Validating Builds and Deployments

# Check runner environment before first use (compiler, git, Docker, podman, disk…)
bits doctor --runner --cvmfs-repos /cvmfs/alice.cern.ch

# Machine-readable runner report for CI / bits-console health panel
bits doctor --runner --json

# Verify that a live CVMFS deployment matches a recorded build manifest
bits verify --from-manifest alice-o2-20260411.json \
            --cvmfs-root /cvmfs/alice.cern.ch

bits doctor reference | bits verify reference


Development & Testing (Contributing)

git clone https://github.com/bitsorg/bits.git
cd bits
python -m venv .venv
source .venv/bin/activate
pip install -e .[test]

# Run tests
tox                     # full suite on Linux
tox -e darwin           # reduced suite on macOS
pytest                  # fast unit tests only

Developer guide


The bits Workflow: From Local Dev to CVMFS

bits uses a single toolchain from your laptop to experiment-wide CVMFS. Clone a package source next to your recipe checkout and bits detects it automatically, building your local version while resolving all other dependencies from the shared recipe repo. Once tested locally, the change follows an unbroken path: commit → recipe MR → CI build → bits publish → CVMFS. Group admins publish full experiment stacks; individual users can publish single packages to a separate namespace — both paths use the same commands and the same recipes.

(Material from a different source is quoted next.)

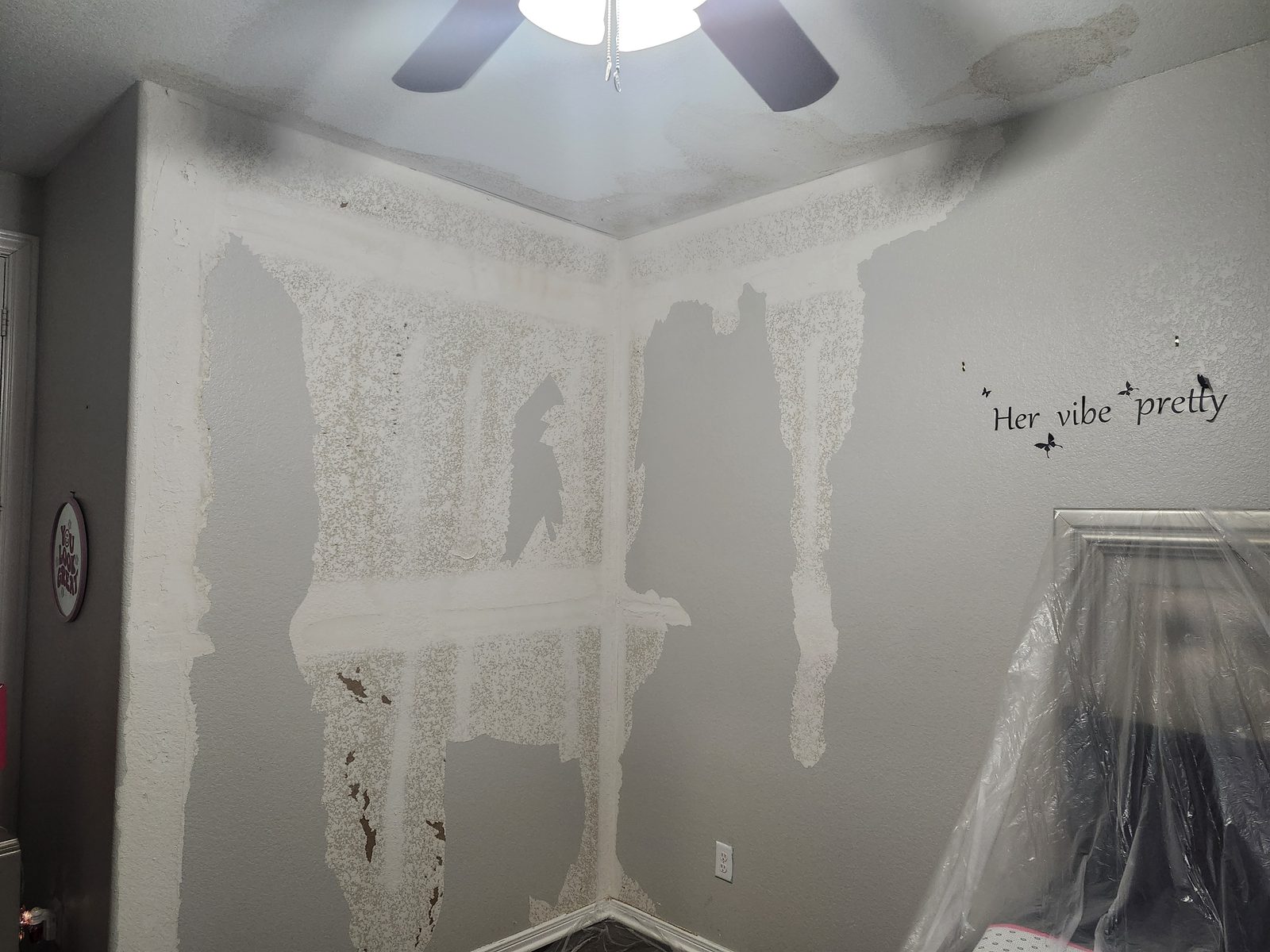 Damaged wall texture before drywall repair in Katy, TX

See WORKFLOWS.md for the full phase-by-phase walkthrough and workflow diagram.


Next Steps

  • User Guide — installation, configuration, building, environments, cleaning up
  • Cookbook — practical recipes for common tasks
  • Reference Manual — command-line flags, recipe format, environment variables, Docker, stores, CVMFS pipeline, developer guide
  • Workflows — development-to-deployment walkthrough and diagram
  • Roadmap — planned features and priorities

Note: Bits is under active development. For the most up-to-date information, see the full docs/REFERENCE.md.

Licensing

The bits ecosystem spans several repositories under two licenses, chosen by provenance rather than preference.

Why two licenses

bits and its recipe repositories descend from ALICE's aliBuild and alidist, both licensed under GPL-3.0. Under the GPL's copyleft, these derivative works must remain GPL-3.0-or-later.

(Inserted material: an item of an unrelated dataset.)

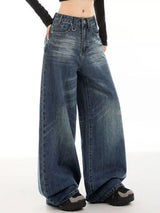 Woman wearing vintage wash high-rise wide leg blue jeans with a relaxed fit and classic five-pocket styling.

The newer services written from scratch for the CVMFS publish chain — the Go publisher (cvmfs-bits / cvmfs-prepub) and its deployment example (cvmfs-testbed) — contain no aliBuild code, so they use the permissive Apache-2.0 license. Apache-2.0 is one-way compatible into GPL-licensed combinations, so these components can still be combined with the GPL parts.

Per-component licenses

Component License SPDX identifier Provenance
bits (core) GPL-3.0-or-later GPL-3.0-or-later derived from aliBuild
common.bits, lcg.bits, stacks.bits GPL-3.0-or-later GPL-3.0-or-later recipes, derived from alidist
bits-recipe-tools GPL-3.0-or-later GPL-3.0-or-later recipe helper snippets
bits-providers GPL-3.0-or-later GPL-3.0-or-later provider/registry data
bits-console GPL-3.0-or-later GPL-3.0-or-later web UI
cvmfs-bits (cvmfs-prepub) Apache-2.0 Apache-2.0 bits/CVMFS pipeline
cvmfs-testbed Apache-2.0 Apache-2.0 deployment example

Each licensed source file carries an SPDX-License-Identifier header (Python modules and CLI scripts in bits; Go in cvmfs-bits; JS/config in bits-console; shell/compose in cvmfs-testbed). Two deliberate exceptions keep build hashes and generated output stable, and are governed by their repository-level LICENSE/COPYRIGHT instead:

  • the bits-recipe-tools recipe snippets (sourced and hashed by bits); and
  • the bits build harness sourced into per-package builds or copied into tarballs (bits_helpers/build_template.sh, tar_template.sh, relocate-me.sh) and the Jinja scaffolding templates (templates/*.jnj).

The recipe repositories (lcg.bits, common.bits, stacks.bits) and the bits-providers data repository are likewise covered by their repository-level LICENSE/COPYRIGHT only — recipes are content-addressed, so per-file headers are omitted to keep their hashes stable.

Copyright & contributions

Copyright (C) CERN and the bits project contributors. Work produced by CERN personnel is owned by CERN; please involve CERN Knowledge Transfer before changing any license.

Contributions are accepted under the Developer Certificate of Origin (DCO): sign off your commits with git commit -s.